Normal mortgage payments are split into an amount that goes against capital and an amount that goes in interest. For example, if the mortgage is new and your repayments are 1800 a month, the interest portion could be 1200 and the capital repayment portion 600. Your mortgage provider will give you a statement at the end of the year showing what portion of your repayments is interest and what is capital. If your mortgage is with NIB (not sure if the other banks do this), you can also access this online on a month-to-month basis.
All rental income is judged to be "income" as normal and you are taxed on this. You can, however, deduct expenses against rental income before you apply your normal tax rate. One of those allowable expenses is 75% of the interest portion of your mortgage. So, taking the example above, if your rental is 1200pm and the interest portion of your (1800pm) mortgage repayment is 1000pm, you can deduct 750 of that (75%) from your rental income and pay tax on the difference (1200-750=450pm). So, you pay tax on 450pm.

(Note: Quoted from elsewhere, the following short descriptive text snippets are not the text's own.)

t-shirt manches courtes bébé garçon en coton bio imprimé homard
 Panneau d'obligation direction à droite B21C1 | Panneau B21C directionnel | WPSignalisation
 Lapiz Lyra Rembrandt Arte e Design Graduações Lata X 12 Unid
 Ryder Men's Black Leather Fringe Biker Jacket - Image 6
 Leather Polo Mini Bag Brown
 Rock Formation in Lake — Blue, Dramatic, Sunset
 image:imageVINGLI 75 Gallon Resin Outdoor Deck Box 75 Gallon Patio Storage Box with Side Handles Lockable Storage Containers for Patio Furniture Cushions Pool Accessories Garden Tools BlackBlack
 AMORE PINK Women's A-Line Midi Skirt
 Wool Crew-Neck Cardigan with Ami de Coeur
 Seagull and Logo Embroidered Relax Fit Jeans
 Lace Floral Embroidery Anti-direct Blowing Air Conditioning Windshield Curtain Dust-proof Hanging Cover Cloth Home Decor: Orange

There are other expenses that can be deducted from rental income, such as your PTRB fee, insurance, repairs etc.
You need to stop your Tax Relief at Source on the property (by informing Revenue) and you need to register with the PTRB before you rent the property. You need a BER cert prior to first rental. Keep all your receipts.
I think you need to have a chat with an accountant to get information on this. As you say, you're not well up on what needs to be done and there's only so much information that an internet message board can give you.